Which sky? The sky where Watteau hung
a lady's slipper. Your knees
are a southern breeze -- or
a gust of snow. Agh! what
sort of man was Fragonard?
-- As if that answered
anything. -- Ah, yes. Below
the knees, since the tune
drops that way, it is
one of those white summer days,
the tall grass of your ankles
flickers upon the shore --
Which shore? --
the sand clings to my lips --
Which shore? Agh, petals maybe. How
should I know?
Which shore? Which shore?
-- the petals from some hidden appletree -- Which shore?
I said petals from an appletree.
I really like this poem. Could it be a feminist poem? Maybe. I can definitely hear a voice protesting against a portrait being painted. It's really silly: on the one hand, there is a speaker comparing the object's thighs to appletrees, clearly hinting at "blossoms in the heavens" (could it be a peek up her skirt?), on the other hand there is another voice that refuses to be reduced into metaphors. One could easily suspect that the other voice is the voice of the "object." While one speaker has moved on to petals, abandoning the sand and shore metaphors, the other voice is repeating (one suspects, angrily) the question: which shore? Which (f***ing) shore?
I like how Williams has left the process in, signalling the end of the metaphor (well, not the end, maybe the obsoleteness of the metaphor). Clearly it is not enough anymore to say "your breasts are twin fawns." Metaphors are powerfully loaded and assuming. The second speaker in the poem calls attention to these assumptions: "Don't take this in lock, stock and barrel. Do not be reduced. Question these questionable metaphors!"

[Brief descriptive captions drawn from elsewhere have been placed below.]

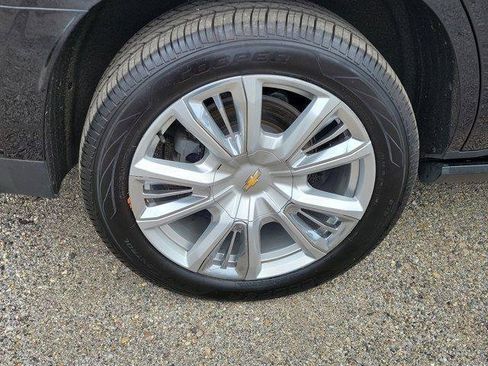Used 2022 Chevrolet Tahoe High Country AWD/4WD image 5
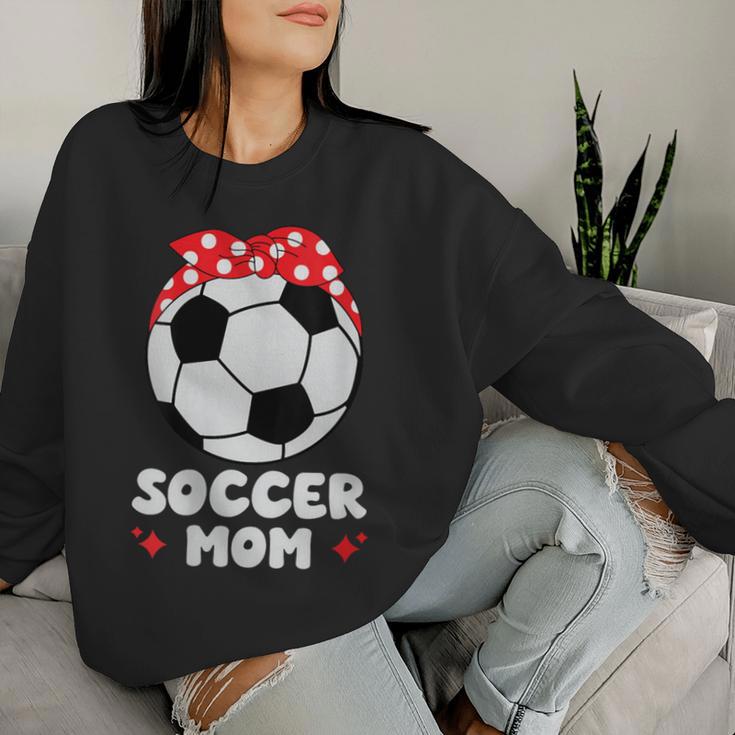 Damen Fußball Mama Sohn Tochter Fußballer Mutter Fußballspieler Mit-Ausschnitt Sweatshirt Frauen Geschenke für Sie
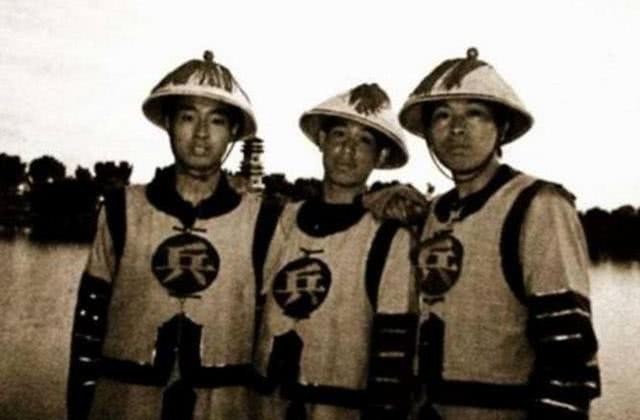 八旗军|清代士兵军服上标有“兵”字和“勇”字，一字之差，地位却一个天一个地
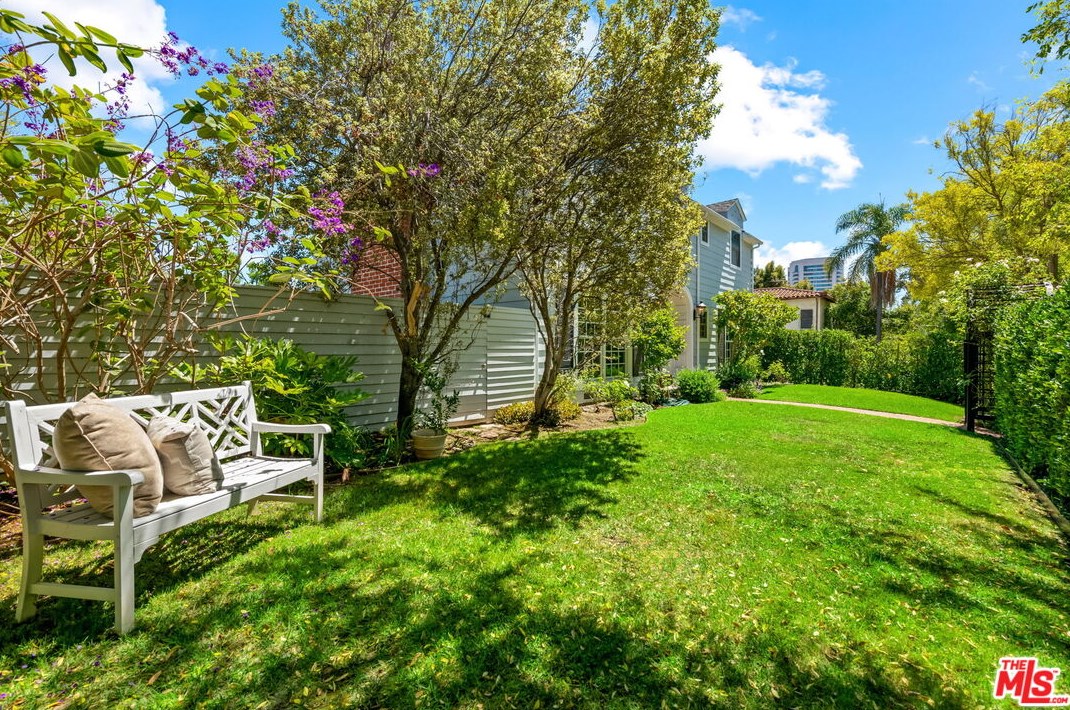 740 Thayer Ave, Los Angeles CA  90024-3332 exterior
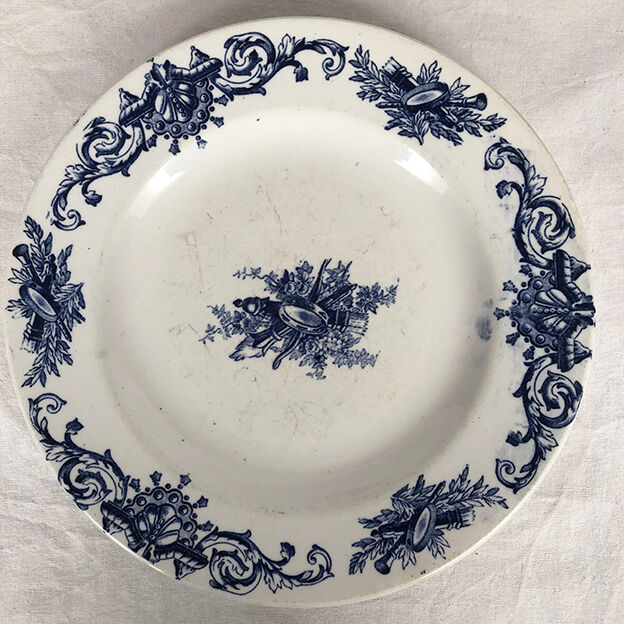 Lunéville Keller & Guérin, soup bowl and ten plates Maintenon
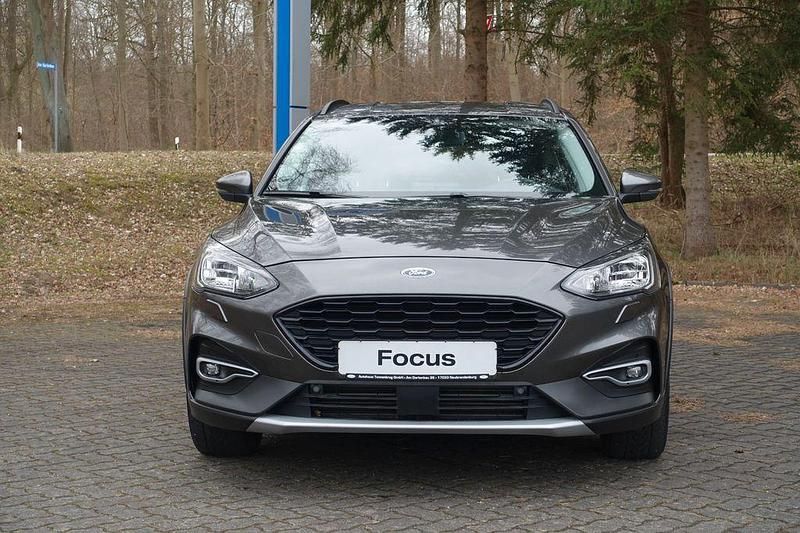 Gebraucht Ford Focus Active 125 PS (91 kW) 2021 Grau Limousine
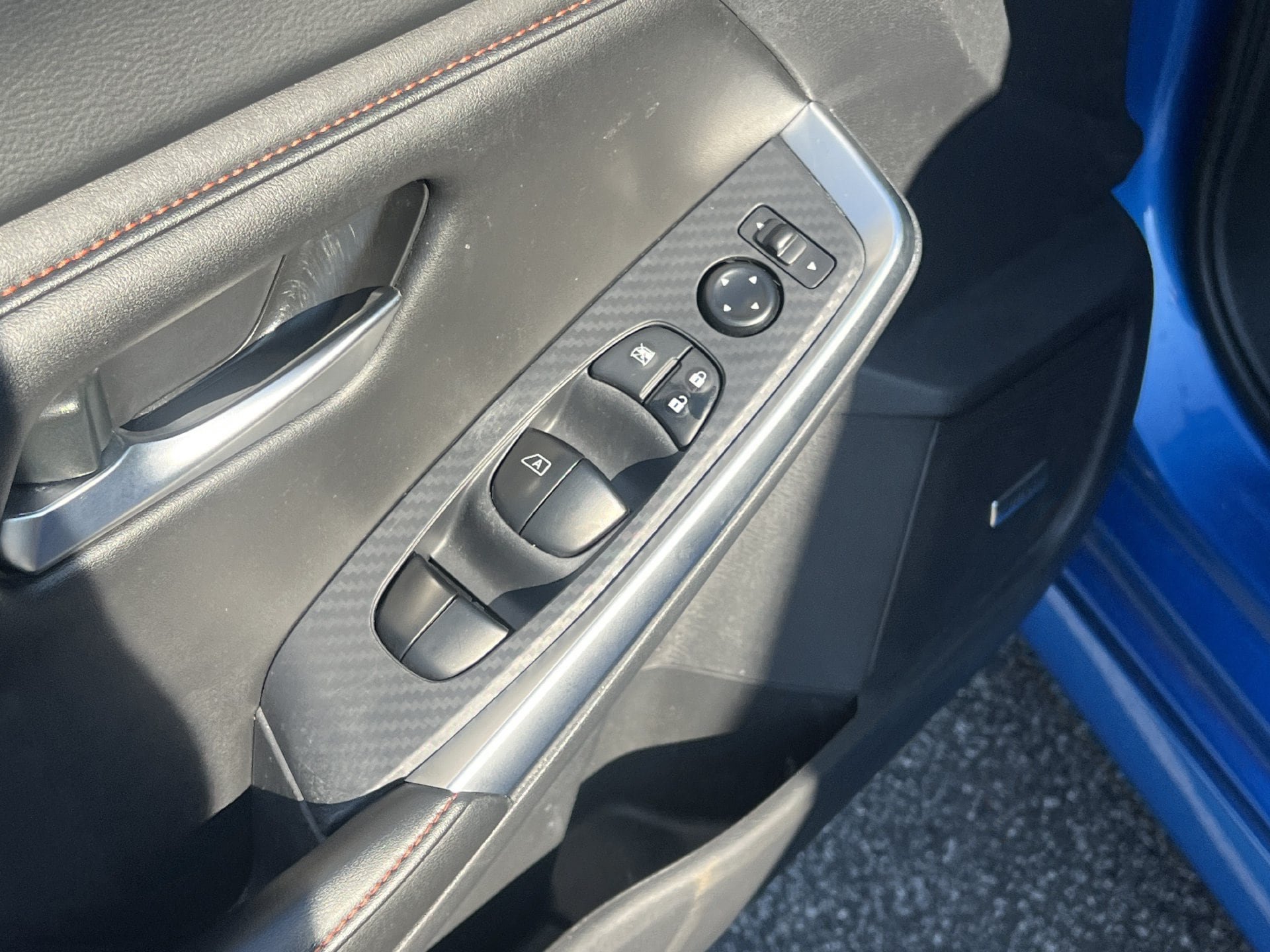 Used 2025 Nissan Sentra SR w/ SR Premium Package FWD image 16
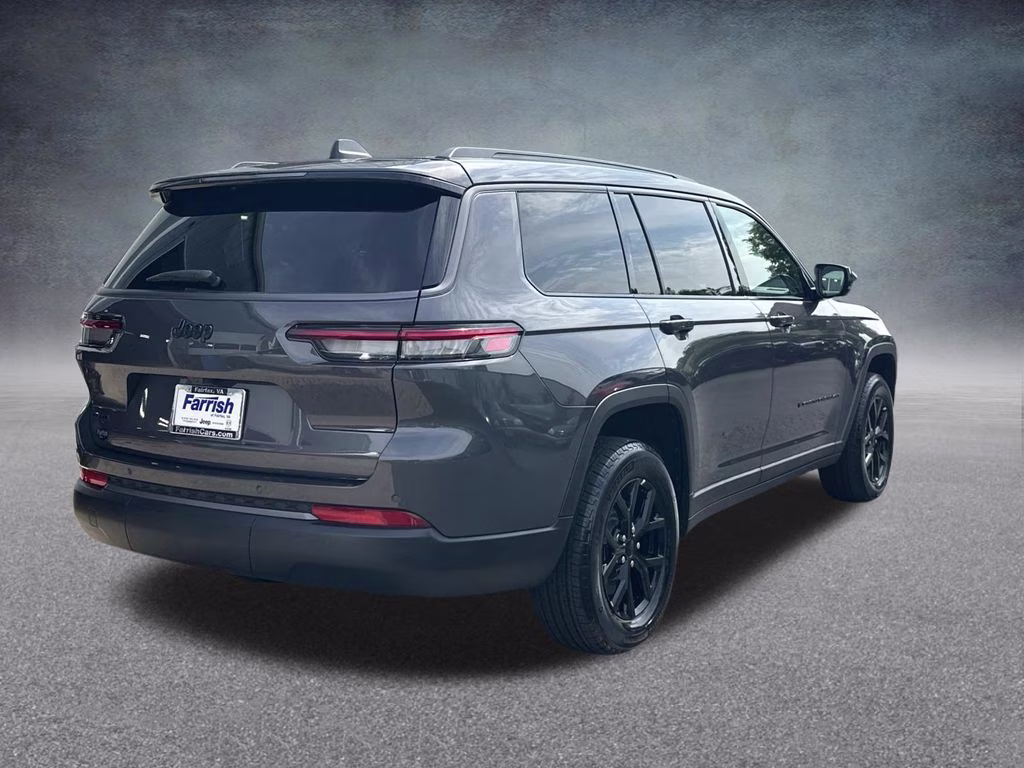 2026 Baltic Gray Metallic Clearcoat Jeep Grand Cherokee L Altitude 4X4 SUV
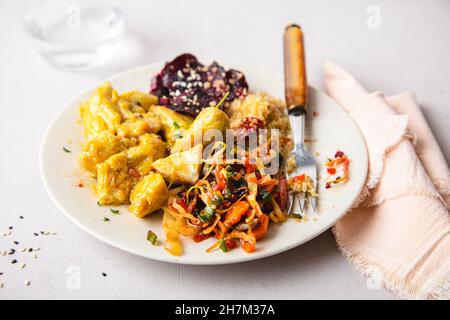 Mariniertes Huhn mit Quinoa und Gemüse in einer Schüssel auf dem Tisch Stockfoto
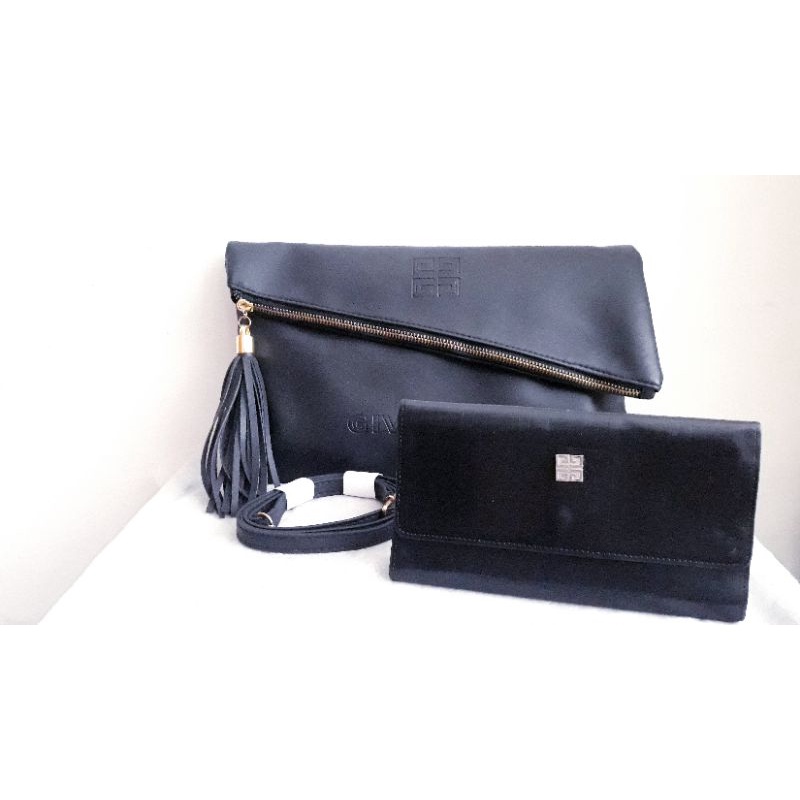 Givenchy Preloved sling bag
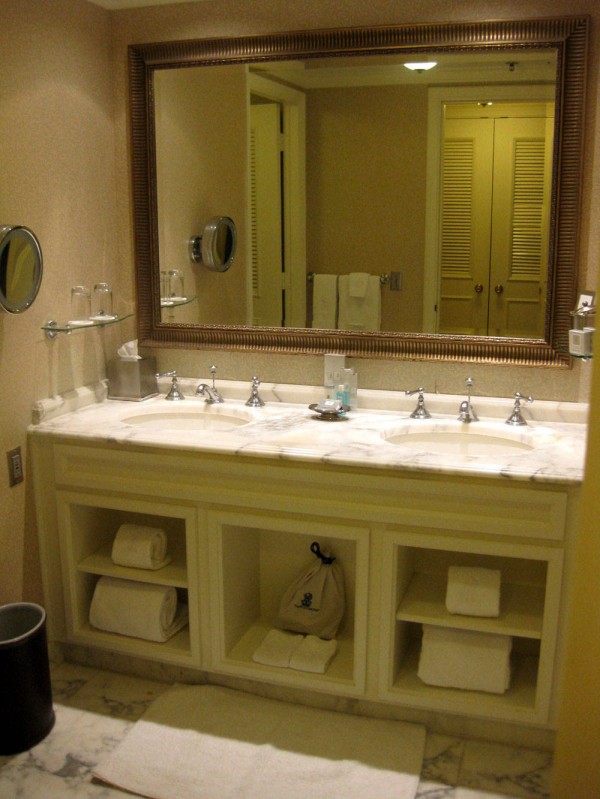 Bathroom,Classic Bathroom Vanity With The Best Large Mirror Also Awesome White Cabinet For Home Design Ideas,Elegant And Unique Bath Room Vanity Design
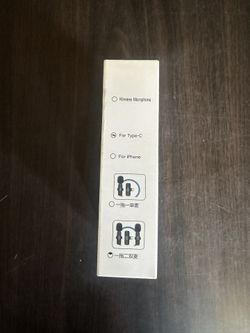 Wireless Digital Microphone For iPhones And Android Devices 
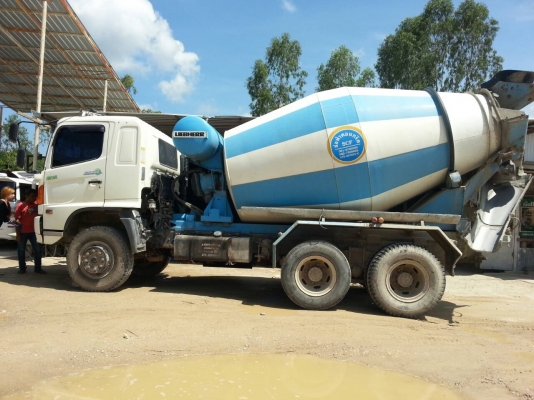 ขายรถโม่ปูน 330แรง ปี54 โม่ 7 คิว LIEBHERR ขายรถโม่ปูน 330แรง ปี54 โม่ 7 คิว LIEBHERR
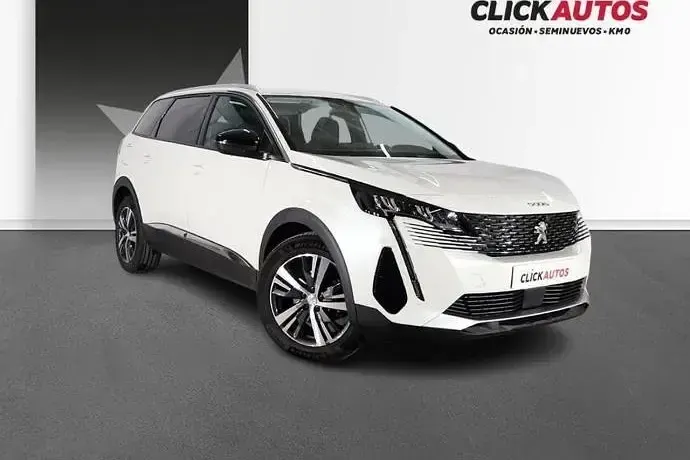Usado Peugeot 5008 Allure 130 CV (95 kW) 2023 SUV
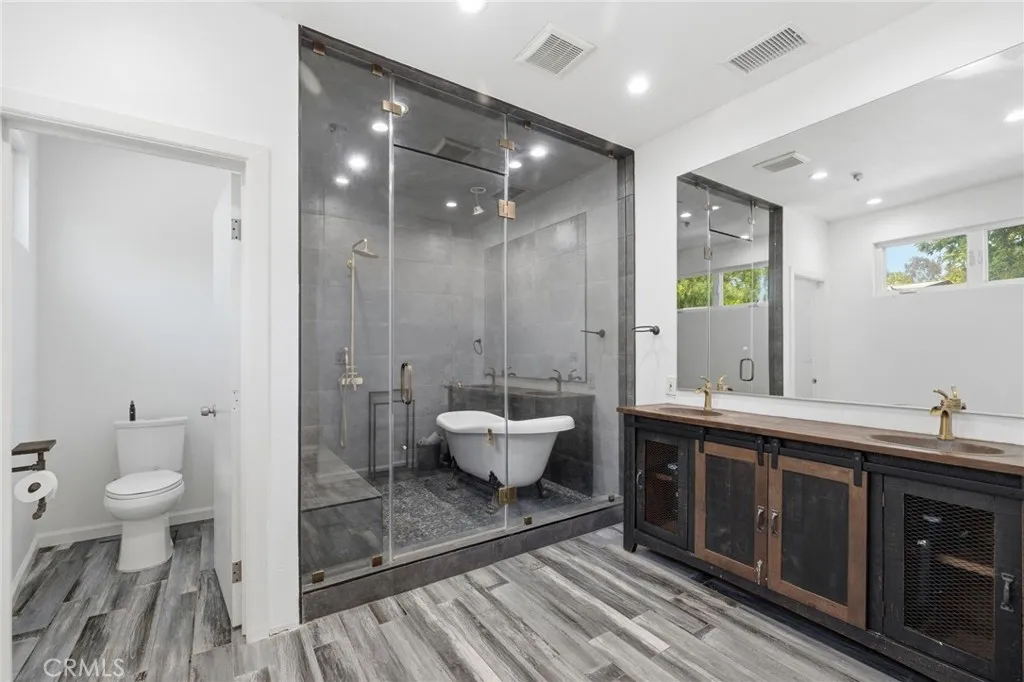 https://cdn.realtyfeed.com/cdn/127/306707375/dc4dfbf702840324f140da597bfd3351.webp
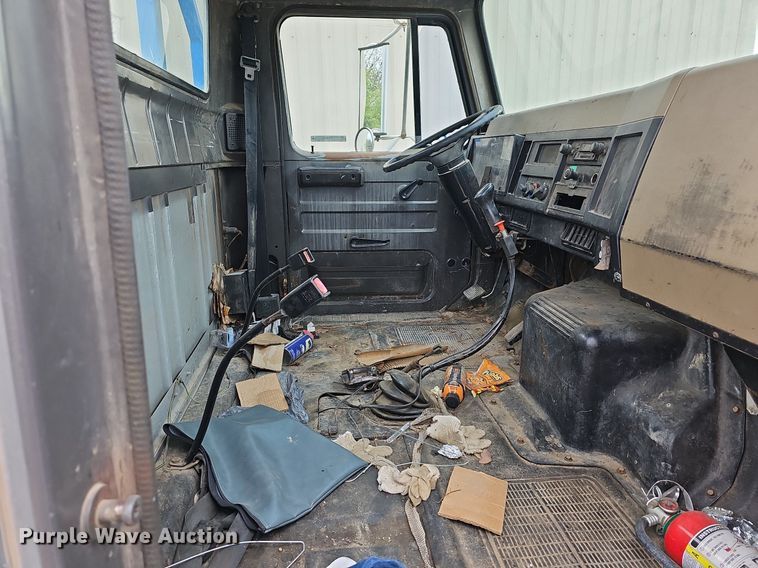 image for item MB9994 1994 International 4700  flatbed truck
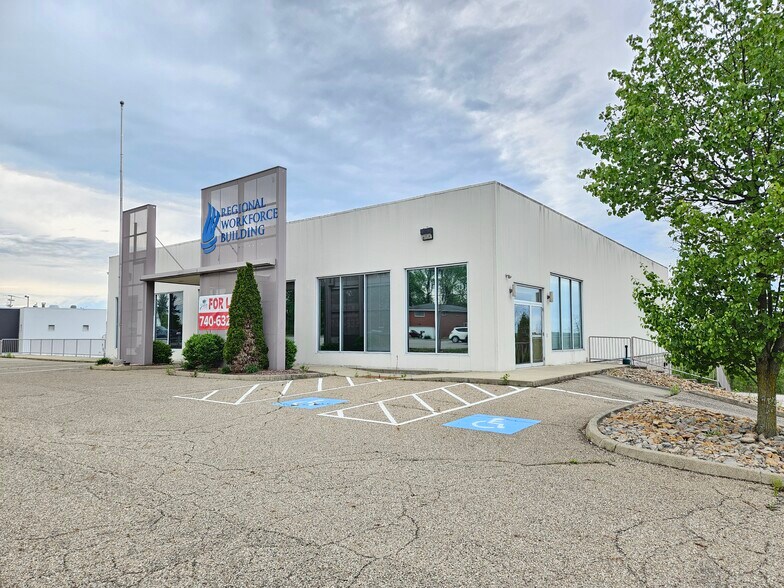 More Photos Of 4525 Sunset Blvd, Steubenville Storefront Retail Office For Lease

In the end, though, I remember that even if we rage against the inadequacies of language...it is the reality in which we find ourselves. There is no reality for us human beings unless they are in language. It is how we operate. I appreciate Williams pointing at the boundaries. However, I remember that the boundary is not a boundary without a body supporting the edges. The self-awareness in Williams' poem is refreshing and I appreciate it against a backdrop of a rich history of poetry.